Q: My husband has night sweats with a cheesy smell. It's been going on for almost two months. He says he feels fine. He doesn't seem worried, but I am. Should he see his doctor?
A: Since your husband otherwise feels well, it's likely nothing serious. But he should still make an appointment with his doctor.
The cheesy smell also is not unusual. Some Swiss researchers actually studied the smell of sweat in men and women. Sweaty men tended to smell like cheese, while sweaty women smelled like onions or grapefruit.
When a patient comes to me with new night sweats, I start by asking about the temperature of the bedroom and the number and type of blankets. Assuming that he is not getting overheated because of a warm room or bedding, I would make sure your husband is not having fevers during the day. I also would want to confirm that he has a good appetite and his weight is stable.
If he hasn't already been periodically checking his temperature with a thermometer, he should do that several times per day over a few days.
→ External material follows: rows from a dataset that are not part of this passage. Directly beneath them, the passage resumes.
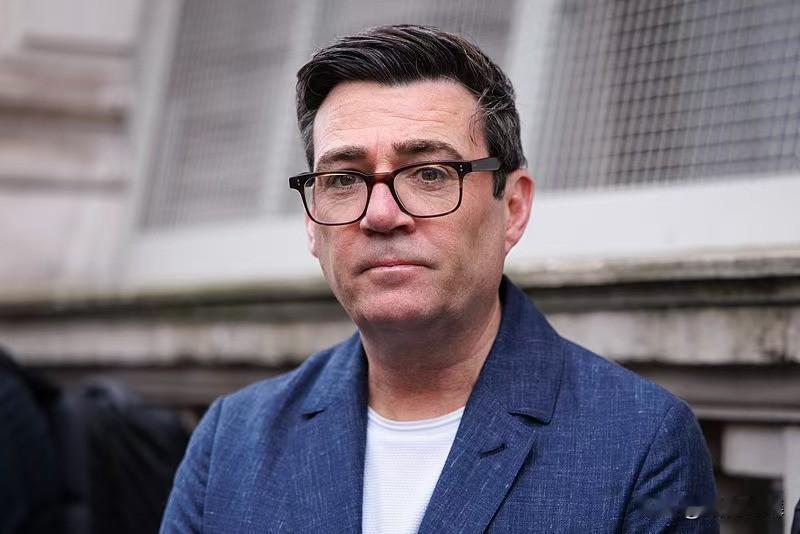 下一任英国首相头号热门伯纳姆看着像南亚人？不少人第一眼都会心生疑惑：深邃眉眼、浓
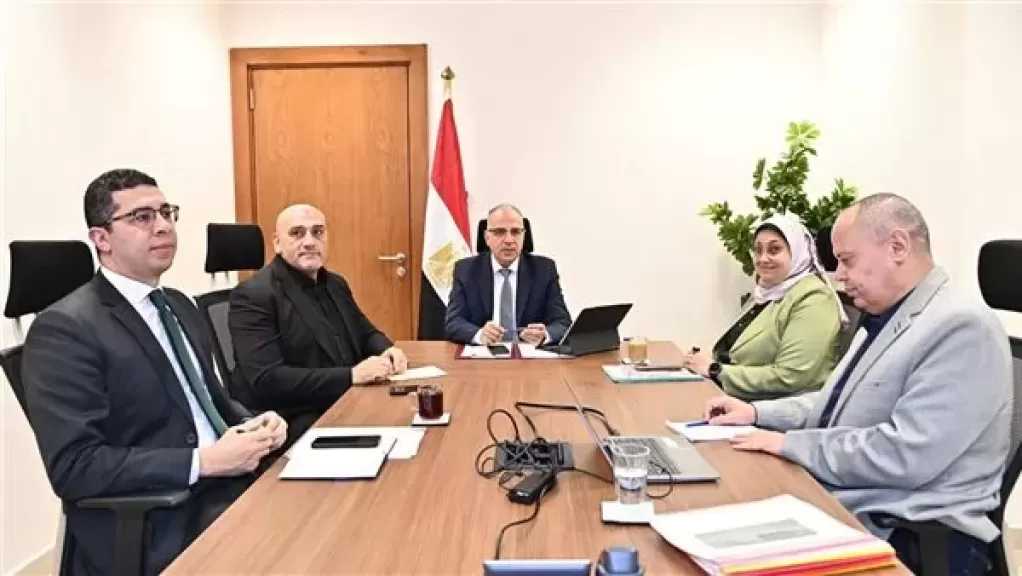 وزير الري يتابع إجراءات تعزيز مبادئ الحوكمة ومحاربة الفساد وتحسين دخل العاملين بالوزارة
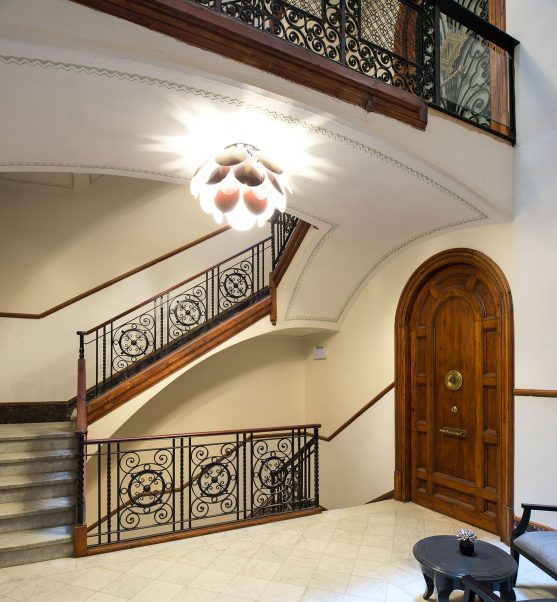 086405 Потолочный светильник C88 черно-золотой Marset Discoco  - Вид №1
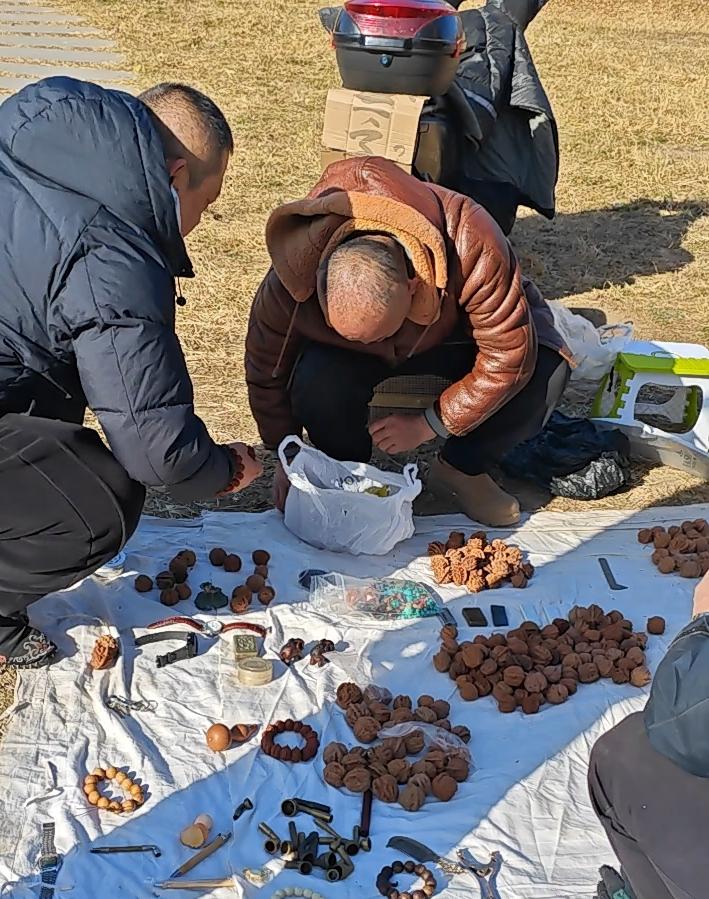 走投无路时摆地摊，丢的不是人是面子
 
别被“体面”绑架！走投无路时摆地摊，靠双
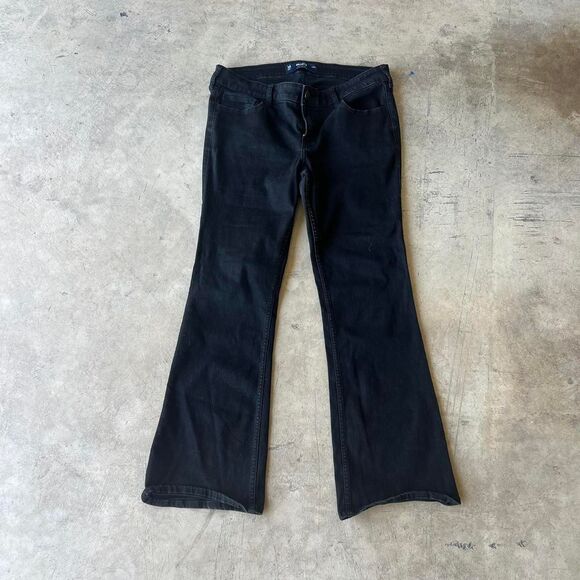 Hollister Low Rise Boot Flare Jeans Womens size 32 - Picture 1 of 1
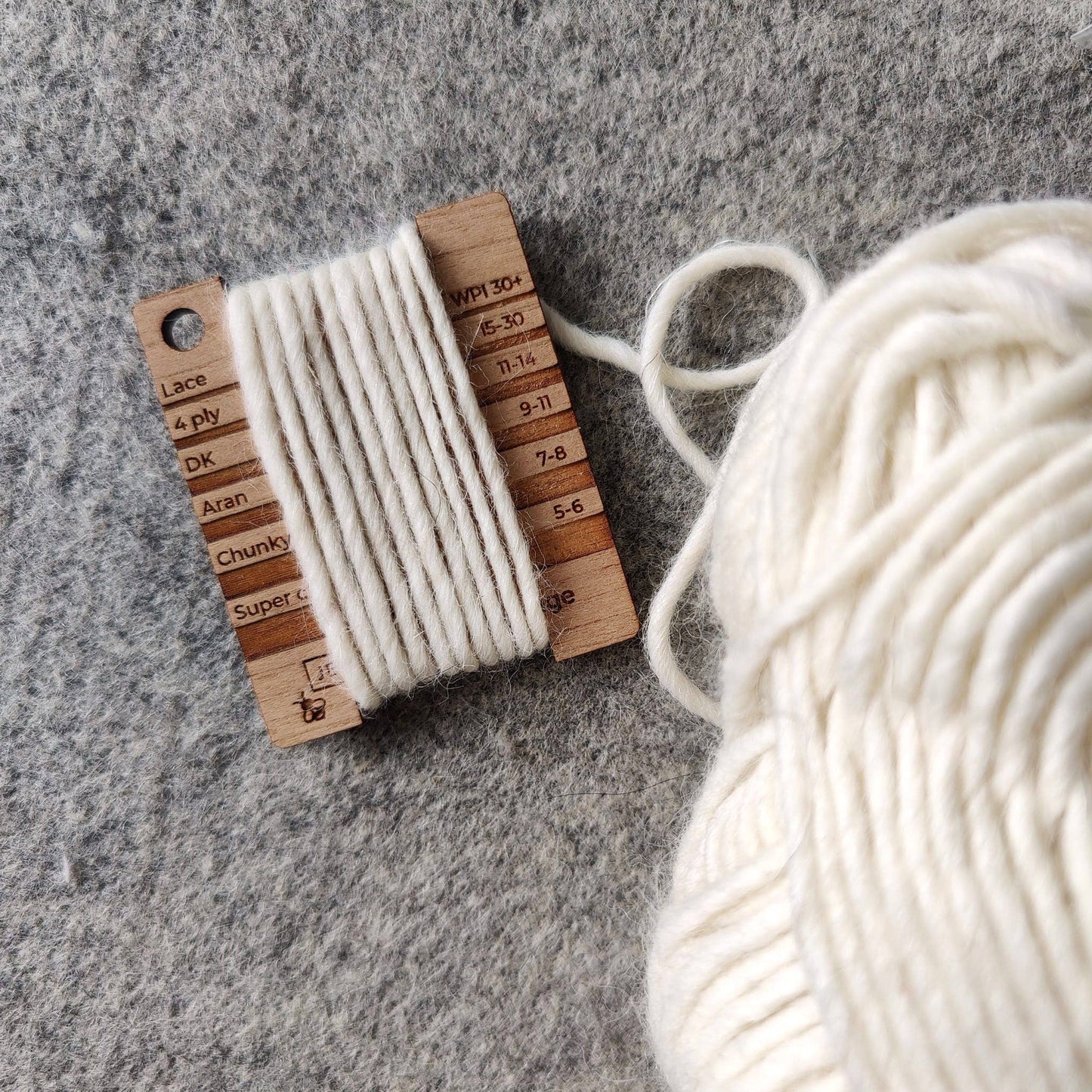 Jenerates Yarn Gauge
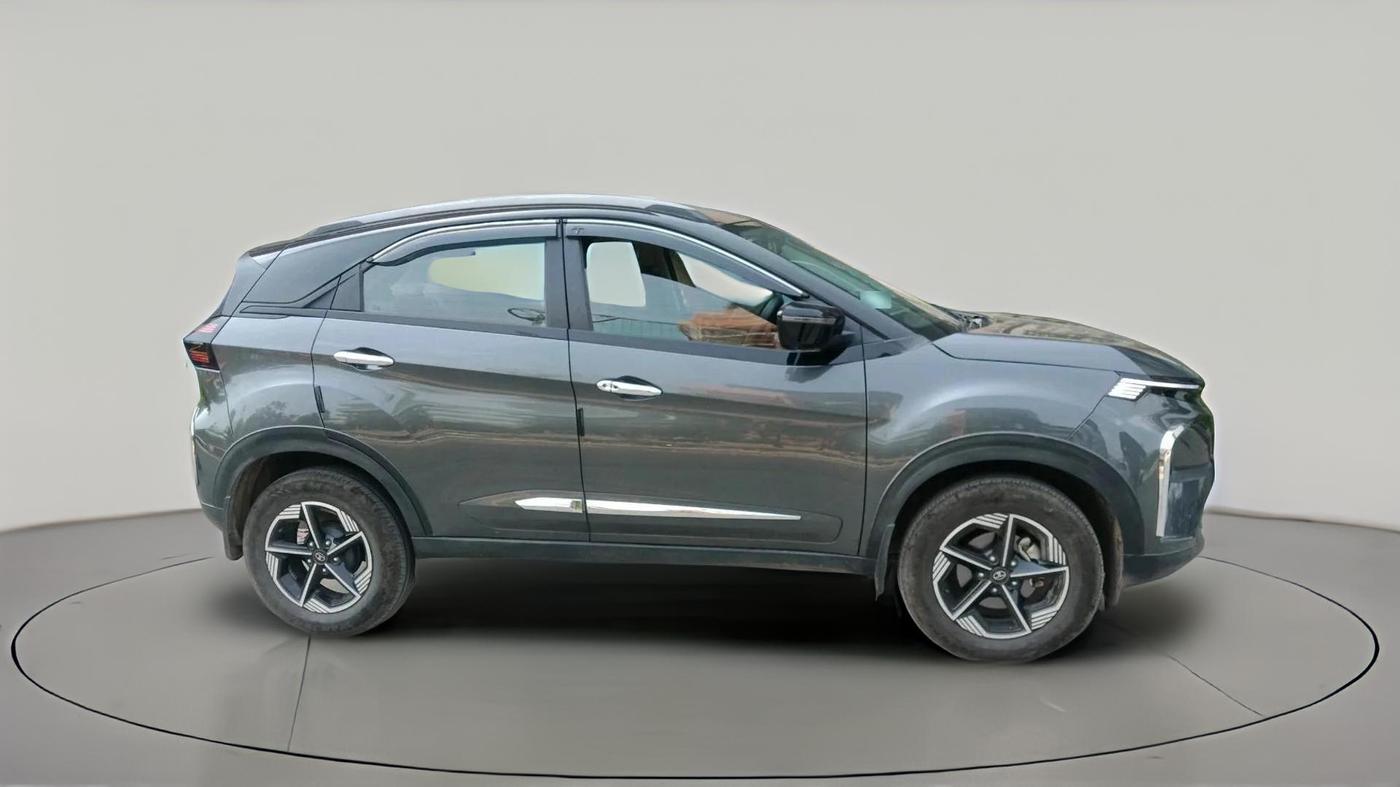 2025 Tata NEXON Creative Plus (PS) 1.2 Petrol DCA Dual Tone, Petrol, Automatic, 19,371 km, exterior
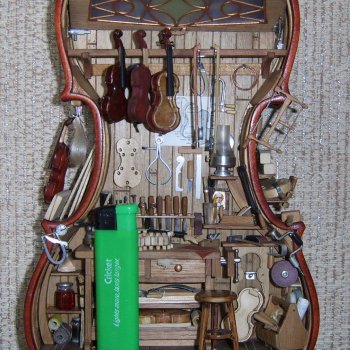 Скрипичная мастерская в корпусе четвертушки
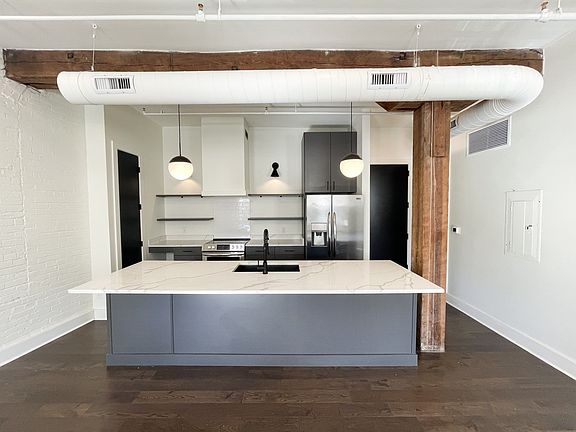 2nd image of 921 Dauphin St #2C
If he is not experiencing fever or weight loss, then the reason for the night sweats is unlikely to be something like an infection, an inflammatory disorder, or cancer.
Other important but less serious possibilities I consider include:
--Sleep apnea, especially if he snores, is sleepy during the day, or both
--A side effect of a medication. He should review any medications, herbs, or supplements he takes with a pharmacist
--Low blood sugar (though this is not likely unless he has diabetes)
--An overactive thyroid (hyperthyroidism). Usually there would be additional symptoms, such as weight loss despite a good appetite, rapid heartbeat, sweating during the day, and feeling jittery
--Other hormonal disorders
While waiting to see his doctor, here are some things he can try to decrease the sweats:
--Keep the bedroom cool and open a window
--Avoid spicy food, especially at night
--Avoid alcohol for a while
Quite often, no specific cause for night sweats is discovered. In these cases, the sweats usually go away on their own.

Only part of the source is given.